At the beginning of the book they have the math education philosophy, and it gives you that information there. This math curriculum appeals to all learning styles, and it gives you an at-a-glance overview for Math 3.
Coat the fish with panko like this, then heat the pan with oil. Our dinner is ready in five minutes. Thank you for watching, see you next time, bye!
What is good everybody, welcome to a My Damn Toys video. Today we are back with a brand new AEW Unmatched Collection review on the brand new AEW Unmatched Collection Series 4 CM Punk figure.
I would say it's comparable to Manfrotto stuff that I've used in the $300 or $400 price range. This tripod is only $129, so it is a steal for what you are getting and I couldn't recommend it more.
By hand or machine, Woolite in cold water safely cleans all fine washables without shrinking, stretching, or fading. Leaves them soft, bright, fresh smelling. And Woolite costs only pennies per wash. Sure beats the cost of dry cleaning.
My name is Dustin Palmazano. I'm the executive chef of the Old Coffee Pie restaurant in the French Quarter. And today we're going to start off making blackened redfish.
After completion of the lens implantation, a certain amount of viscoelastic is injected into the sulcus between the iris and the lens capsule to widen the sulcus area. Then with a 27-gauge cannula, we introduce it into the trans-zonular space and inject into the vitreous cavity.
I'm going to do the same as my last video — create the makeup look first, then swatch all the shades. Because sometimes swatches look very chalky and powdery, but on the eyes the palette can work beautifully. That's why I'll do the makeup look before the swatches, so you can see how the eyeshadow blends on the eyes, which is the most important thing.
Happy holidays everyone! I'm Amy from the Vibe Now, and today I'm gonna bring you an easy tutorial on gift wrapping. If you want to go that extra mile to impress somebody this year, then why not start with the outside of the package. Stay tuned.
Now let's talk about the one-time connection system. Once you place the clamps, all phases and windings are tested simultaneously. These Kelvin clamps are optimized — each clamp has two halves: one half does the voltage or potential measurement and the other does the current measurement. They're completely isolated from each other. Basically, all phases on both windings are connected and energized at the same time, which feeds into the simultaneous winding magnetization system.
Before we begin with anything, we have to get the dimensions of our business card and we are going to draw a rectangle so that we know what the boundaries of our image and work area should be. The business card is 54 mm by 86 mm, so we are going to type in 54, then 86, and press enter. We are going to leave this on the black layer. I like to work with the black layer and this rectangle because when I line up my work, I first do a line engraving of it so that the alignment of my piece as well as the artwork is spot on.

++++

▶ Task instructions
For this exercise, repeat exactly the lines of the data above from the one with "My name is Dustin" down to the one with "After completion of", both end lines included.

▶ Expected answer
My name is Dustin Palmazano. I'm the executive chef of the Old Coffee Pie restaurant in the French Quarter. And today we're going to start off making blackened redfish.
After completion of the lens implantation, a certain amount of viscoelastic is injected into the sulcus between the iris and the lens capsule to widen the sulcus area. Then with a 27-gauge cannula, we introduce it into the trans-zonular space and inject into the vitreous cavity.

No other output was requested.